The kid was yelling.
Jack took sharp, decisive strokes to close the distance between them. They looked okay, not bleeding or anything, but anchored in place. Maybe they got too curious and a jellyfish stung one of them. Jack moved faster, using her feet to nudge the first aid kit out from between her legs as she windmilled her paddle forward.
“TINY! TINY!!”
The kid was screaming something awful now, like a high-strung foghorn. Jack came right up alongside them, the kid’s voice unrelenting, the sound of it drowning out the chatter of the birds overhead.
“Tiny.” The dad’s voice cut through his son’s screams. “Look.”
There, floating in the muck where the culvert hit the slough, was a person. A mud-covered balloon of a person. Facedown in the water. Not moving. Kelp-ruffled pullover, dark pants, hiking boots. And a red Kayak Shack life jacket.
Jack dropped into the frigid mud and charged forward, one hand on her kayak, one reaching out in front of her, as if to steady herself in the water.
“Hello?” she yelled.

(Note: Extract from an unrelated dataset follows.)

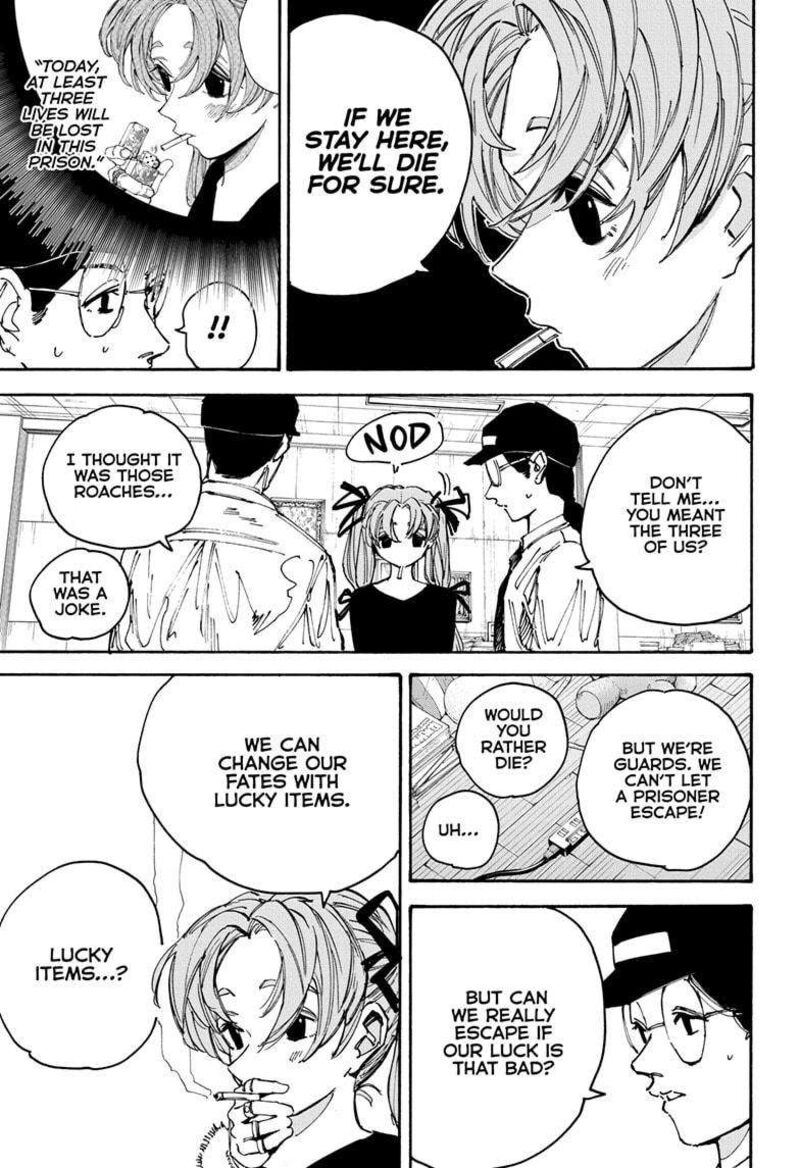 Sakamoto Days Manga Chapter 186 page 6 - Today's Fortune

Even in her wet suit and booties, she felt numb. “Are you okay?”
No response. Closer up, she saw long brown hair swirling around the head.

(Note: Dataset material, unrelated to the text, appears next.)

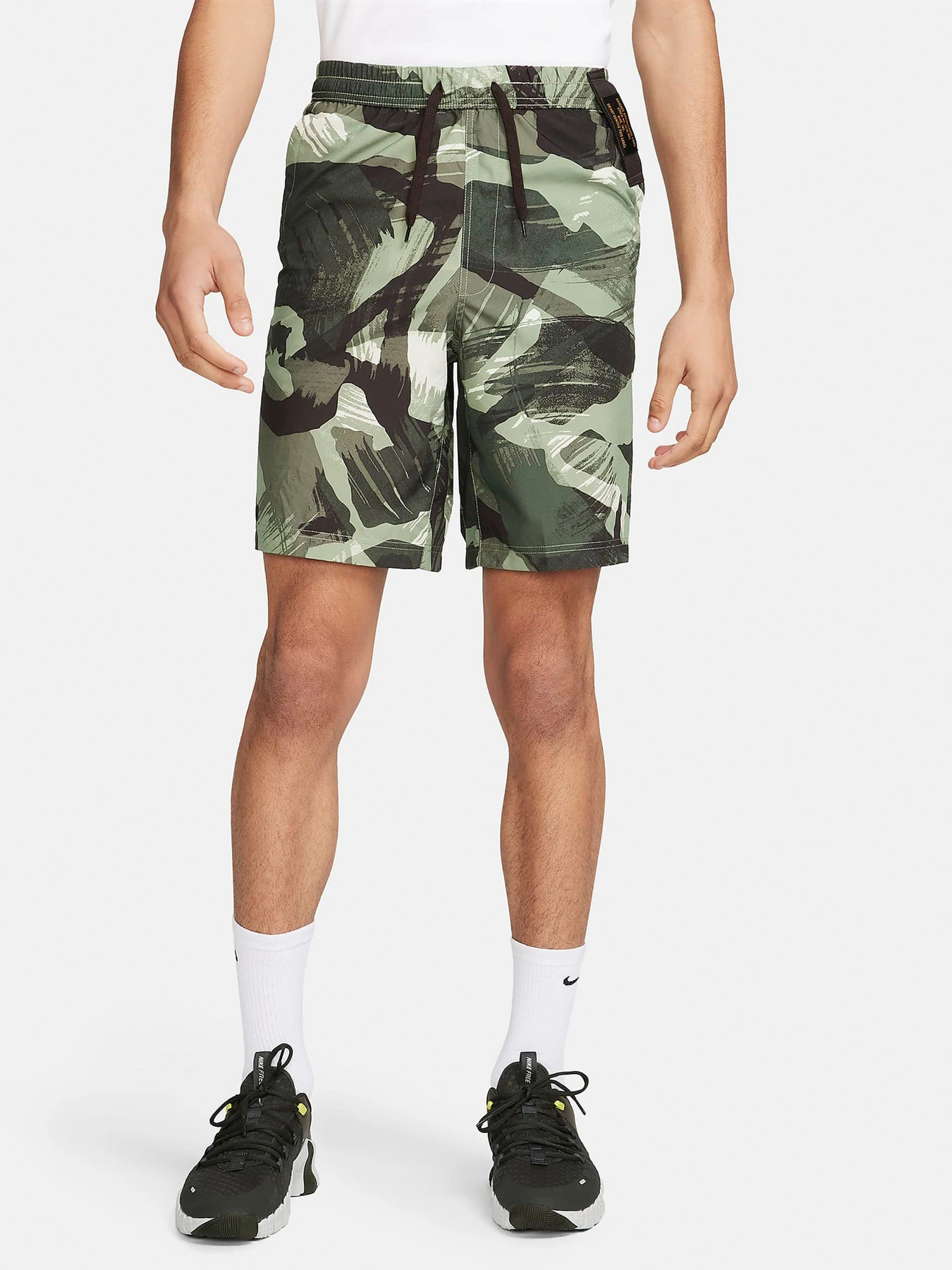 Шорти NIKE DRI-FIT 9 UNLINED VERSATILE модель FN3046-386 Шорти NIKE DRI-FIT 9 UNLINED VERSATILE модель FN3046-386 Фото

Jack took a deep breath, reached forward, and grabbed one of the straps on the life jacket to flip the person faceup. It was a man. She didn’t recognize him. Or maybe she did. Was he on her tour? When had he fallen in?
She told herself to breathe, to push aside the questions and focus on what was in front of her. The man needed her help. Jack tried to attempt resuscitation right there in the marsh, but as she started to unclip his life jacket, she realized there was no way she could manage chest compressions with everything bobbing around. She had to get him to the bank.